Giobbe non molla, non cede; accetta tutto e insegna il riscatto, non abbandona mai la certezza che alla fine sarà premiato e riammesso nel Grembo dell’Amore e della ricchezza. Possiederà il doppio dei beni e del Bene che aveva e “morirà sazio di giorni”. Una storia drammatica a lieto fine.
Giobbe è la figura più alta dell’uomo chiamato alla responsabilità e al dovere. E’ in questo che Egli ha trovato la risposta alla domanda sul perché del soffrire: “La salvezza sta nello Spirito di Sofferenza che si accompagno allo spirito della Fedeltà”. Solo che per giungere a questo Traguardo finale occorre L’intervento di quel DIO che si sarebbe rilevato in GESU’ di NAZARETH.
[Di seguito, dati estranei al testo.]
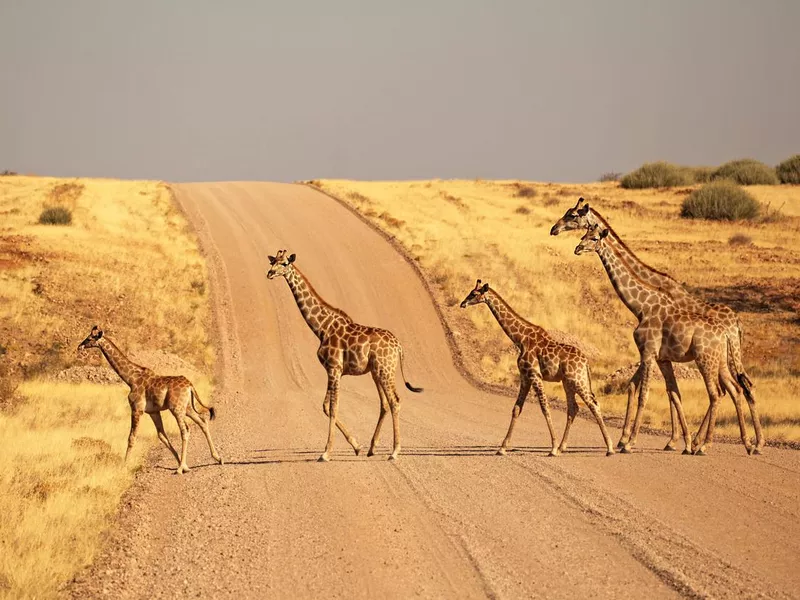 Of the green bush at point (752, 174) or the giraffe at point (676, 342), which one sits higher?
the green bush at point (752, 174)

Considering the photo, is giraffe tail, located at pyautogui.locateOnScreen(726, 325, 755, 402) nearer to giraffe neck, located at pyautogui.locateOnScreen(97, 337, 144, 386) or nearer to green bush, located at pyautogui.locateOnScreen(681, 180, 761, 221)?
giraffe neck, located at pyautogui.locateOnScreen(97, 337, 144, 386)

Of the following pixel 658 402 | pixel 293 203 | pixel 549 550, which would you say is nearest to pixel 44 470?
pixel 549 550

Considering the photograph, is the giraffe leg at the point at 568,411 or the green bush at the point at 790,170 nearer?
the giraffe leg at the point at 568,411

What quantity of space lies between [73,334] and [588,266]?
26086 mm

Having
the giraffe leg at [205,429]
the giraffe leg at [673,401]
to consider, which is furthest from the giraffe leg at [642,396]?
the giraffe leg at [205,429]

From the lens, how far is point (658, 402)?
25844mm

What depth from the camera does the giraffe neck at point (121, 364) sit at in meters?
17.2

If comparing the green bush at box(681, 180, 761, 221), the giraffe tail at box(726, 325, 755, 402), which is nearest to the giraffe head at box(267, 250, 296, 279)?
the giraffe tail at box(726, 325, 755, 402)

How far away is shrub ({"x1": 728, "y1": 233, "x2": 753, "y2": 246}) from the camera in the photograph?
56309 mm

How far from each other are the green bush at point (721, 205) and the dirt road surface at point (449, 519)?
43.8 m

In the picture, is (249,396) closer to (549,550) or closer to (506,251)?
(549,550)

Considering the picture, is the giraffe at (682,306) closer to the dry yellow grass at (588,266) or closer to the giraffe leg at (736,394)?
the giraffe leg at (736,394)

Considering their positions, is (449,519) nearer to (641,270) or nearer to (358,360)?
(358,360)

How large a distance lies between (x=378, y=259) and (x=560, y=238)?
1575 cm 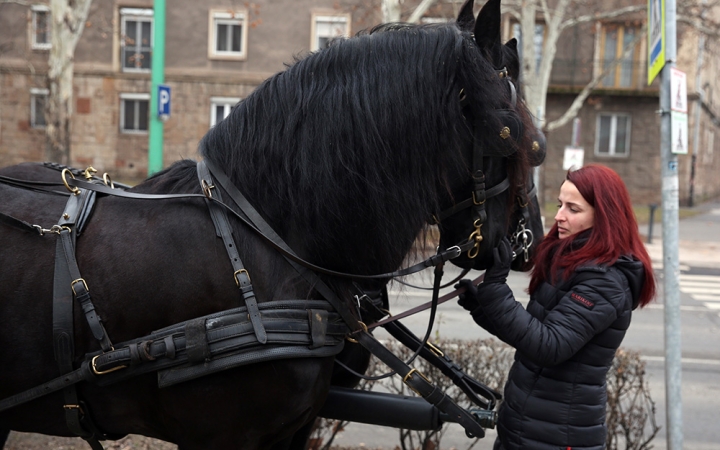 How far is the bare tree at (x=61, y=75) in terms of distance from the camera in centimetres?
1360

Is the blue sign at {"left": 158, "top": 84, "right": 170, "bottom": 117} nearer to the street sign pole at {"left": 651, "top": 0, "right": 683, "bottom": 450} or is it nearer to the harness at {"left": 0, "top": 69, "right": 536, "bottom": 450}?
the street sign pole at {"left": 651, "top": 0, "right": 683, "bottom": 450}

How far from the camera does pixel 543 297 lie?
8.77ft

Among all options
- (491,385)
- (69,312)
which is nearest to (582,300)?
(491,385)

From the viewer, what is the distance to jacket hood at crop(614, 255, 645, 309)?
2.53 metres

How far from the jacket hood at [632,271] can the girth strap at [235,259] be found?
4.66 ft

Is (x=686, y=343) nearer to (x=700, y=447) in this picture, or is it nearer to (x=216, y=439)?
(x=700, y=447)

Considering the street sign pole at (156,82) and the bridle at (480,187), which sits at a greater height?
the street sign pole at (156,82)

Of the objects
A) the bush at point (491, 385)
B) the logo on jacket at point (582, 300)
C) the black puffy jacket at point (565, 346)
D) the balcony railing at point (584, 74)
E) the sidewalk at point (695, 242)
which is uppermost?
the balcony railing at point (584, 74)

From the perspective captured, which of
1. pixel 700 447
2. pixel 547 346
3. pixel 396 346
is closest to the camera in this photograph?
pixel 547 346

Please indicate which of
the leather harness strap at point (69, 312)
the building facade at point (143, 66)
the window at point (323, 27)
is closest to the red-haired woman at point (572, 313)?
the leather harness strap at point (69, 312)

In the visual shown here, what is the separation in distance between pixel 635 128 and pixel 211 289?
26821 millimetres

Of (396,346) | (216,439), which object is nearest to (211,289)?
(216,439)

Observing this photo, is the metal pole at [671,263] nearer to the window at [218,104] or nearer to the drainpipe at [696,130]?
the window at [218,104]

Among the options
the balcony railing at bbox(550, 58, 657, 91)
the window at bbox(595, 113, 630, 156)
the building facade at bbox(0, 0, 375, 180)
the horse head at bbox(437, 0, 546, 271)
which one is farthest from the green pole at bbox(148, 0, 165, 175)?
the window at bbox(595, 113, 630, 156) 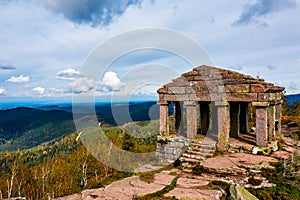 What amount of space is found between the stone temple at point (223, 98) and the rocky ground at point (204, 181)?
144 cm

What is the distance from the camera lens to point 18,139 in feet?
395

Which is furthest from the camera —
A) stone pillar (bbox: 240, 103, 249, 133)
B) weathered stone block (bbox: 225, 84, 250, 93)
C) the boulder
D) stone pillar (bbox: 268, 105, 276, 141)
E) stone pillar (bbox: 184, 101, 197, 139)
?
stone pillar (bbox: 240, 103, 249, 133)

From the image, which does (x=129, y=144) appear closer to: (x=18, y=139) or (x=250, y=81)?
(x=250, y=81)

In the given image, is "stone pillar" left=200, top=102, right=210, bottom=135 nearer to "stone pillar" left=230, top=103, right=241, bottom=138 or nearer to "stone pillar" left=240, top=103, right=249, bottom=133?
"stone pillar" left=230, top=103, right=241, bottom=138

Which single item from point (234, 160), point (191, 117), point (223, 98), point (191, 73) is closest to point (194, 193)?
point (234, 160)

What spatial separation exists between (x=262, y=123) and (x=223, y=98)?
2.03 metres

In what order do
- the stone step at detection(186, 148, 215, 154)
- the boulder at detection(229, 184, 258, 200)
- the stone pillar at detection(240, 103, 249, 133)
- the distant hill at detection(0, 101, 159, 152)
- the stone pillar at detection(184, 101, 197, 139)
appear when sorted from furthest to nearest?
the distant hill at detection(0, 101, 159, 152)
the stone pillar at detection(240, 103, 249, 133)
the stone pillar at detection(184, 101, 197, 139)
the stone step at detection(186, 148, 215, 154)
the boulder at detection(229, 184, 258, 200)

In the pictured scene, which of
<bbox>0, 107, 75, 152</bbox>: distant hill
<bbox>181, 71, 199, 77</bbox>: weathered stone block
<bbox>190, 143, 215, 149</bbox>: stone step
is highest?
<bbox>181, 71, 199, 77</bbox>: weathered stone block

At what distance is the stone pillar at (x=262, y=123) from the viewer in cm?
985

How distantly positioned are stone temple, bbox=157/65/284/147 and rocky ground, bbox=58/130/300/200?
4.74 ft

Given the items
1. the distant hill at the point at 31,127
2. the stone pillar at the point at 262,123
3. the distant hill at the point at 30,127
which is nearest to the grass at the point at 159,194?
the stone pillar at the point at 262,123

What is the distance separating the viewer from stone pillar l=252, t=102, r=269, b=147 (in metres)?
9.85

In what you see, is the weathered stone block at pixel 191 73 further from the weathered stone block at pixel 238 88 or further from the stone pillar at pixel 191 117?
the weathered stone block at pixel 238 88

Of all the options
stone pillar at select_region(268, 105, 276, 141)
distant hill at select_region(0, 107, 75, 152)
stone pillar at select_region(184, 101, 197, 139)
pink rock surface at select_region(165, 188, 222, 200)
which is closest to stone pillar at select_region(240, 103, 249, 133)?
stone pillar at select_region(268, 105, 276, 141) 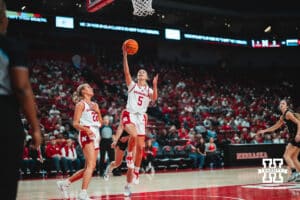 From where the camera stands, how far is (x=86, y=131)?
6.41 m

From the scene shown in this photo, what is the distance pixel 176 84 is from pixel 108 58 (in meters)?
4.97

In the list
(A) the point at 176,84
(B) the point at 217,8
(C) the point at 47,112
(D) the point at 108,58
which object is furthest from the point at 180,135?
(B) the point at 217,8

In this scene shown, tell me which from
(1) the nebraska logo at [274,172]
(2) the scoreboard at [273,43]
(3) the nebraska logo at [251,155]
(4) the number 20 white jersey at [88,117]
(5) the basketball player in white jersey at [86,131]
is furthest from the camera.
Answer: (2) the scoreboard at [273,43]

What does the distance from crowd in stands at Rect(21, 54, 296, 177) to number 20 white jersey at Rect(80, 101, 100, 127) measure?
7383mm

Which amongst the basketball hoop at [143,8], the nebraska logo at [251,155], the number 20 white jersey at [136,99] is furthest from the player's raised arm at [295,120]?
the nebraska logo at [251,155]

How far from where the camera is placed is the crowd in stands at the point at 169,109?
1499 centimetres

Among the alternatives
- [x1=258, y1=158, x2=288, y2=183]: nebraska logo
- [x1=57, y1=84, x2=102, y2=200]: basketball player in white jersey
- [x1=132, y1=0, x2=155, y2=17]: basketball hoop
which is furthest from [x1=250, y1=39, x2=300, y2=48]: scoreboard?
[x1=57, y1=84, x2=102, y2=200]: basketball player in white jersey

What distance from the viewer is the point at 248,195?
23.5 ft

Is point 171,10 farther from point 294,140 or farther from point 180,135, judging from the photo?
point 294,140

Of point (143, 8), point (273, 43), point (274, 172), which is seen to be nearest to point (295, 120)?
point (274, 172)

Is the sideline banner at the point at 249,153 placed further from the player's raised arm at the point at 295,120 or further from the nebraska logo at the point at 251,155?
the player's raised arm at the point at 295,120

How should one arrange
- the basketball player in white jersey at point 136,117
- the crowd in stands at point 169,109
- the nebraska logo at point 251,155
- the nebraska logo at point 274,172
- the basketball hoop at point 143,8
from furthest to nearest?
the nebraska logo at point 251,155 → the crowd in stands at point 169,109 → the basketball hoop at point 143,8 → the nebraska logo at point 274,172 → the basketball player in white jersey at point 136,117

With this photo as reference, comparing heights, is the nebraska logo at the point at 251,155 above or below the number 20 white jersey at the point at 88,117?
below

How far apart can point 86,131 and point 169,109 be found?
1606 centimetres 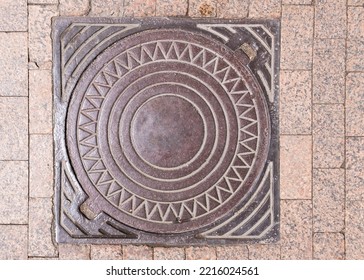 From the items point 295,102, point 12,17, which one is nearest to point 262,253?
point 295,102

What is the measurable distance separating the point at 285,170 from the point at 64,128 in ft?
3.91

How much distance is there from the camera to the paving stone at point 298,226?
8.13 ft

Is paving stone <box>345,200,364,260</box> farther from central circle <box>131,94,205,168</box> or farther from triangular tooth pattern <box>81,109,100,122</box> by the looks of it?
triangular tooth pattern <box>81,109,100,122</box>

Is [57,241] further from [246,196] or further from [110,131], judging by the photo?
[246,196]

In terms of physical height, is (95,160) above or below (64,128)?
below

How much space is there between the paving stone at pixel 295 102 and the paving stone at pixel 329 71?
49 mm

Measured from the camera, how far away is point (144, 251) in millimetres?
2473

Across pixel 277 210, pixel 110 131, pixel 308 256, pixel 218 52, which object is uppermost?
pixel 218 52

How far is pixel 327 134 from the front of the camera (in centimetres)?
248

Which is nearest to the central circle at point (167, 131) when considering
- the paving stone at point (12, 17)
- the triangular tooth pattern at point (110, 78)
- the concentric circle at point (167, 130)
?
the concentric circle at point (167, 130)

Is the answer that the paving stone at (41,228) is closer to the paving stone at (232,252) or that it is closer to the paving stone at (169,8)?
the paving stone at (232,252)

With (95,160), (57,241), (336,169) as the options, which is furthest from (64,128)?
(336,169)

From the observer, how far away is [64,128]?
8.01 feet

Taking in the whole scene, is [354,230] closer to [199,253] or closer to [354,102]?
[354,102]
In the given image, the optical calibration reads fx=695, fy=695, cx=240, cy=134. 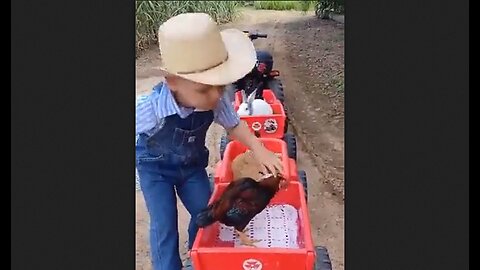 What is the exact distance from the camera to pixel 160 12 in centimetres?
77

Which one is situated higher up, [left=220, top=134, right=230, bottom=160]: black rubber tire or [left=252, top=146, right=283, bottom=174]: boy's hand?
[left=252, top=146, right=283, bottom=174]: boy's hand

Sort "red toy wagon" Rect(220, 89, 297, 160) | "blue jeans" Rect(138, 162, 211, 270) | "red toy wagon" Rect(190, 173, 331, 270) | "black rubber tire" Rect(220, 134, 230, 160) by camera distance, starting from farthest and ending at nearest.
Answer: "red toy wagon" Rect(220, 89, 297, 160) < "black rubber tire" Rect(220, 134, 230, 160) < "blue jeans" Rect(138, 162, 211, 270) < "red toy wagon" Rect(190, 173, 331, 270)

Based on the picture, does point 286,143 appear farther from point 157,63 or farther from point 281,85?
point 157,63

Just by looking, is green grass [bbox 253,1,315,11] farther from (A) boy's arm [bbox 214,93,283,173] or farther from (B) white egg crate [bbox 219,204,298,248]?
(B) white egg crate [bbox 219,204,298,248]

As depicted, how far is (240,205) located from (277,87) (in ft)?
1.27

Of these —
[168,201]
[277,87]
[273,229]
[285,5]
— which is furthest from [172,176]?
[277,87]

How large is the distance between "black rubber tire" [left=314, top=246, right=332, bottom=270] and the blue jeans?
14 cm

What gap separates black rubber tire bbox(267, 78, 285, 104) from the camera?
42.5 inches

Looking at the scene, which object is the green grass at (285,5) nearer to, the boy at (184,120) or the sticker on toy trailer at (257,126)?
the boy at (184,120)

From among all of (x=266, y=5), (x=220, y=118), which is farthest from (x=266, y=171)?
(x=266, y=5)

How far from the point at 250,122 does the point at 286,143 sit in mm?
75

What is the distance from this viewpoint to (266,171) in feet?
2.60

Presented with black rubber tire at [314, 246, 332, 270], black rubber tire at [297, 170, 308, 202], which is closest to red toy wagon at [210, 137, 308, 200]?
black rubber tire at [297, 170, 308, 202]

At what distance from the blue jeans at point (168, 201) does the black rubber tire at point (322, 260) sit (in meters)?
0.14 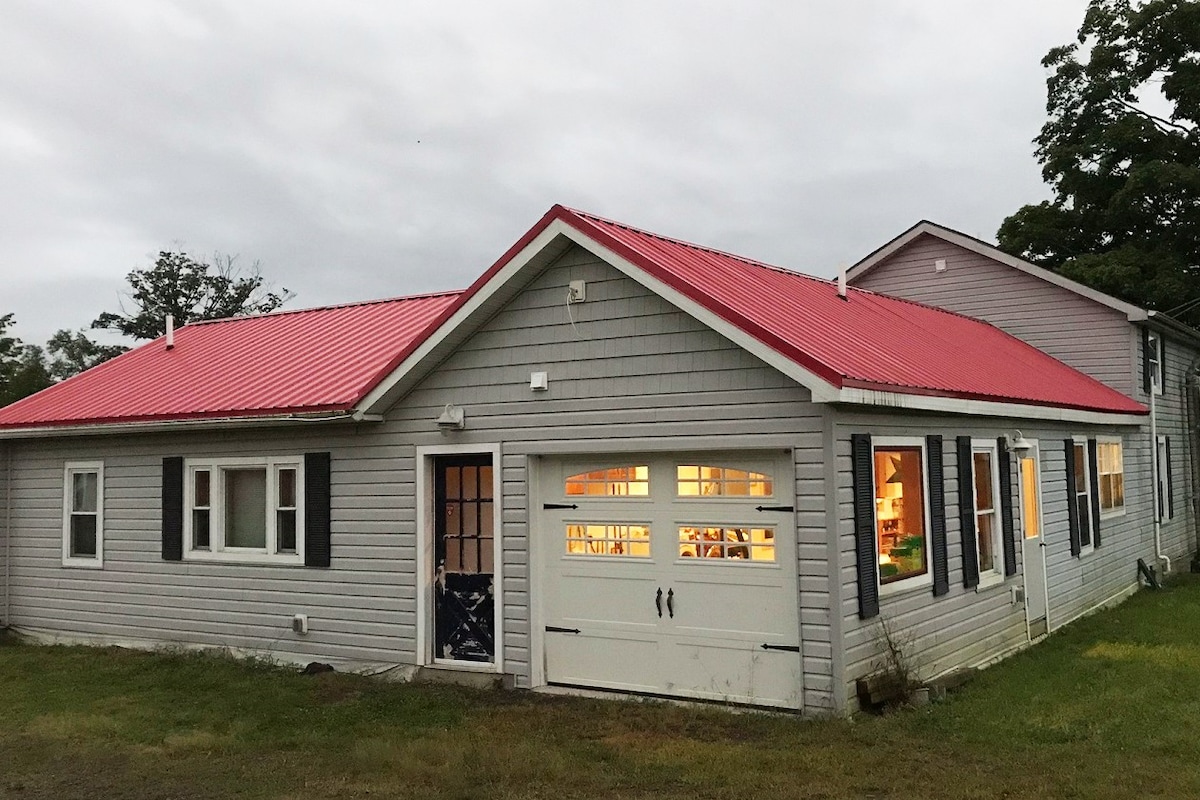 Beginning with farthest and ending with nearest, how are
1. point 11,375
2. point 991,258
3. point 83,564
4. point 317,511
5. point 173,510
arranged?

In GESU’ il DIO che si pensava facesse soffrire l’uomo si rileva come il DIO che soffre per l’uomo.
Cristo non è venuto sulla Terra a portarvi la Croce. La Croce c’era già con il suo groviglio di pene e di angosce. E’ venuto nel Mondo per
indicare il modo nuovo di portare la Croce e a proclamare con forza che – malgrado le apparenze – la Croce porta oltre la sofferenza, oltre la morte: porta sotto l’Arco luminoso della Pasqua.
Egli è venuto a liberarci non tanto dal dolore quanto da un dolore senza senso, senza significato e per questo inutile, sterile e persino maledetto. Lo ha strappato alla sua inutile disperazione per riconsegnarlo tra le braccia del Mistero di bellezza. “La bellezza è il dardo di Luce che ferisce l’Anima e la fa sanguinare” (Benedetto XV).
La bellezza è l’Amore che si spinge fino al dono totale di sé, fino alla Kenosis. E’ bello il volto trasfigurato sulla Cima del Monte Tabor. Ma è ugualmente bello il Volto sfigurato del Cristo nell’Orto del Getsemani. Per risplendere, i gioielli sono sottoposti non ad una molle operazione di lisciatura ma di… sfaccettatura: Tanti tagli netti simili a colpi di scalpello. Nella Kenosis (totale abbassamento di sé) risplende la bellezza di DIO. Tra l’altro l’umiltà è “la sommità della conoscenza” (Mario Luzi). Il dolore, scandalo per la ragione e scandalo per la stessa Fede, Cristo lo stana dalla sua assurdità e gli conferisce un valore salvifico, che trova nell’Amore la punta di Diamante che lo penetra e l’attraversa: L’Amore è un “Infinito” dentro il Cuore del “Finito” che è il Dolore.
Quando si Ama la stessa sofferenza è amata. Amare, soffrendo, è Grazia. Soffrire senza Amare è cupa tragedia.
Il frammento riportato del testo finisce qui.